Quelques minutes seulement après sa formule ironique, Jordan Bardella a toutefois reconnu qu’il ne savait pas jusqu’où était prêt à aller le président russe dans sa menace envers l’Europe : « Il a violé à plusieurs reprises des cessez-le-feu et des accords qui avaient été préalablement signés par la Russie. Que va-t-il faire demain et après-demain ? Je n’en ai pas la moindre idée », a affirmé celui qui avait qualifié en début de semaine la Russie de « menace multidimensionnelle pour la France et pour les intérêts européens ».
Sans surprise, le Parlement a fini par adopter à une large majorité la résolution réaffirmant le soutien à l’Ukraine, après y avoir ajouté un paragraphe se satisfaisant de l’annonce d’un accord entre l’Ukraine et les États-Unis. Signé par cinq groupes politiques, ce texte n’a pas recueilli les voix des groupes de LFI ou du RN, qui ont préféré s’abstenir ou voter contre, pour protester contre plusieurs points.
Face aux journalistes la veille, Jordan Bardella avait justifié son abstention par son opposition à « la volonté d’accélérer encore et davantage les livraisons d’armes à l’Ukraine », son refus de soutenir le processus d’entrée de l’Ukraine dans l’UE ou l’Otan, ou la possibilité d’utiliser les avoirs russes gelés pour soutenir l’Ukraine.

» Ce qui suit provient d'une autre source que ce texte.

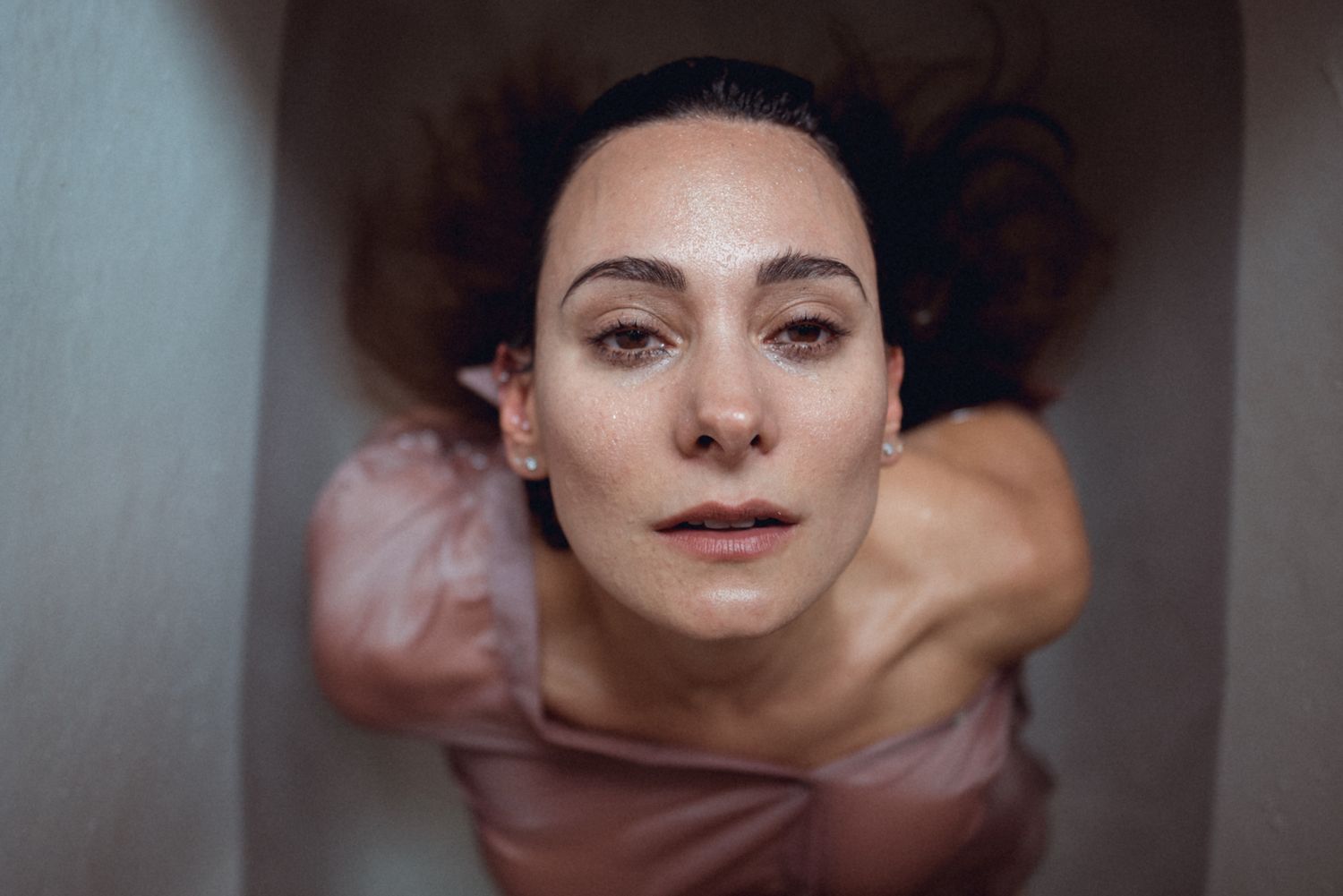 Intimate close-up portrait with natural makeup and pink fabric.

Dans le détail, le groupe des Patriotes pour l’Europe s’est partagé entre abstention et vote contre : les Français du RN, premier contingent en nombre d’eurodéputé·es, se sont abstenus, tandis que leurs alliés italiens, hongrois ou autrichiens, qui assument leur bienveillance à l’égard de la Russie et leur admiration envers Trump, ont voté contre.
Le groupe ECR de Giorgia Meloni s’est lui aussi divisé, alors qu’une partie de ses membres avait cosigné le texte de la résolution : les Italiens se sont abstenus tandis que les Polonais et les représentants des pays baltes, qui côtoient de près les volontés expansionnistes russes, ont soutenu la résolution.